Das VW-Gesetz ist 53 Jahre alt und hat seine Wurzeln im Dritten Reich. Denn Volkswagen, heute der größte Autobauer Europas, wurde in den dreißiger Jahren des vergangenen Jahrhunderts gegründet - von der einflussreichen NS-Organisation "Deutsche Arbeitsfront". Finanziert wurde das gigantische Unternehmen durch das Vermögen der von den Nationalsozialisten zerschlagenen Gewerkschaften.

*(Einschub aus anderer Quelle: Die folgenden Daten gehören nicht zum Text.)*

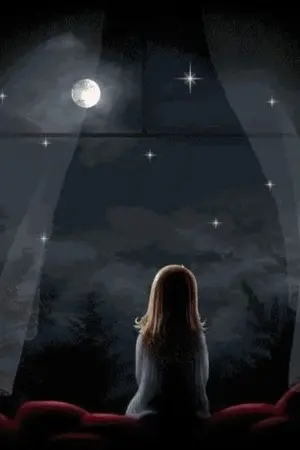 ปกนิยาย Night time stories.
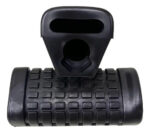 Par De Gomas Posapie Delantero P/moto Gs2. Gtm00546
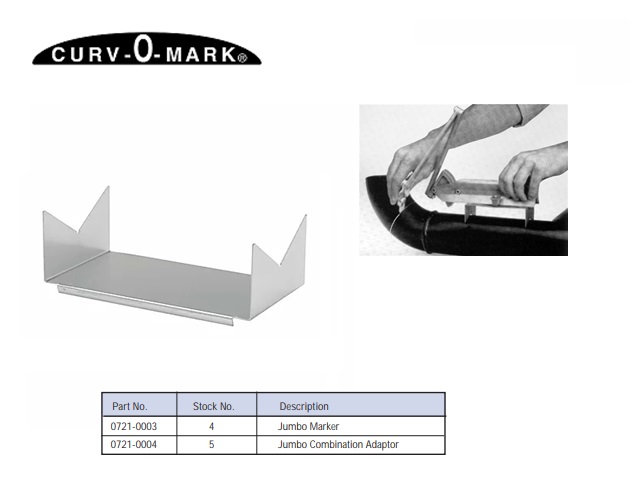 Combination Adaptor Standard 2 | DKMTools - DKM Tools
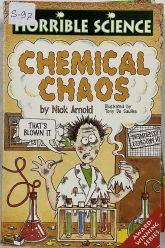 Horrible Science Chemical Chaos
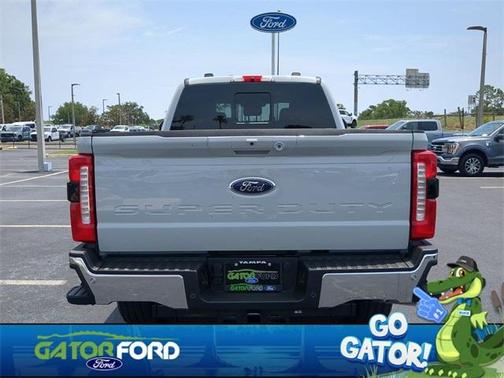 2025 Ford F-250 Lariat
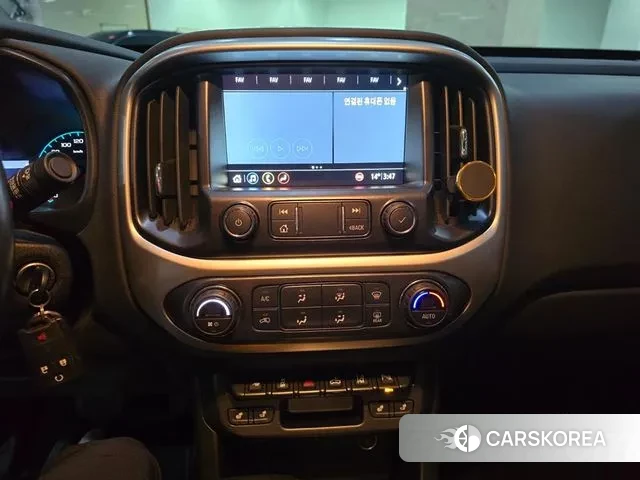Chevrolet (GM Daewoo) Colorado 2019 Белый из Кореи, фото 2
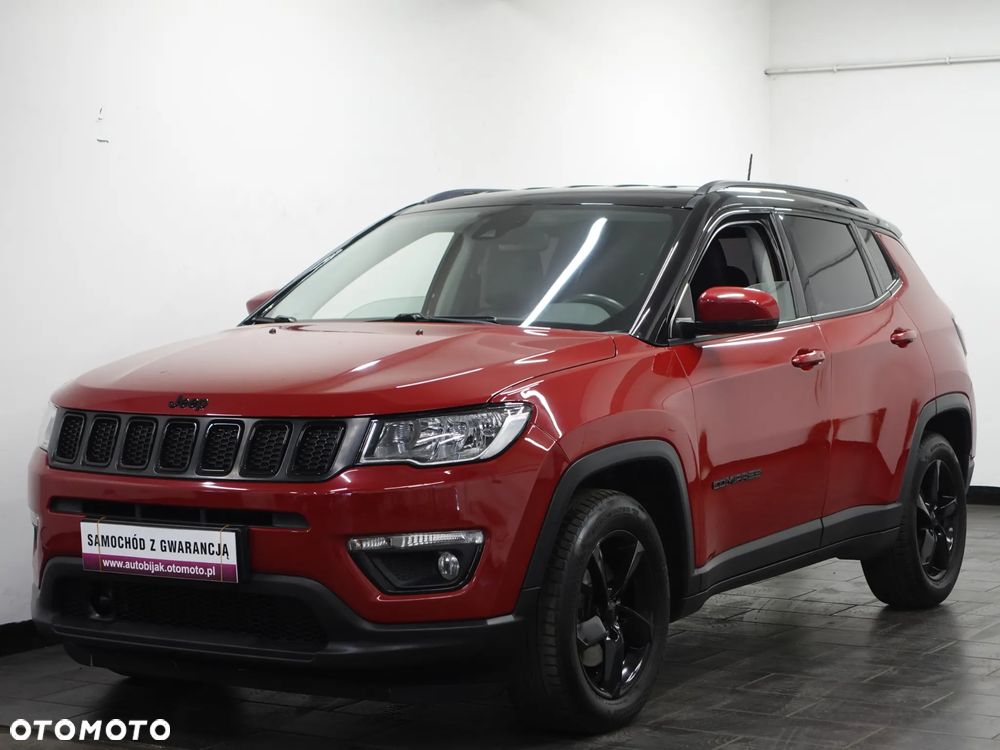 Jeep Compass 1.6 MultiJet Limited - 1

Nach dem Krieg übergab die englische Besatzungsmacht das Unternehmen an die Bundesregierung und das neugegründete Bundesland Niedersachsen. 1960, fünfzehn Jahre nach Kriegsende, beschloss der Bundestag, Volkswagen zu privatisieren und von einer Gesellschaft mit beschränkter Haftung (GmbH) in eine Aktiengesellschaft umzuwandeln. Diese Umwandlung wurde durch das VW-Gesetz geregelt, das in weiten Teilen noch heute gilt und höchst umstritten ist. Die EU-Kommission hatte wiederholt versucht, es zu kippen, weil es Übernahmen verhindere und den freien Kapitalverkehr einschränke. Am Dienstag (22.10.2013) hat der Europäische Gerichtshof die Klage der Kommission abgewiesen und damit einen fast zehnjährigen Rechtsstreit beendet.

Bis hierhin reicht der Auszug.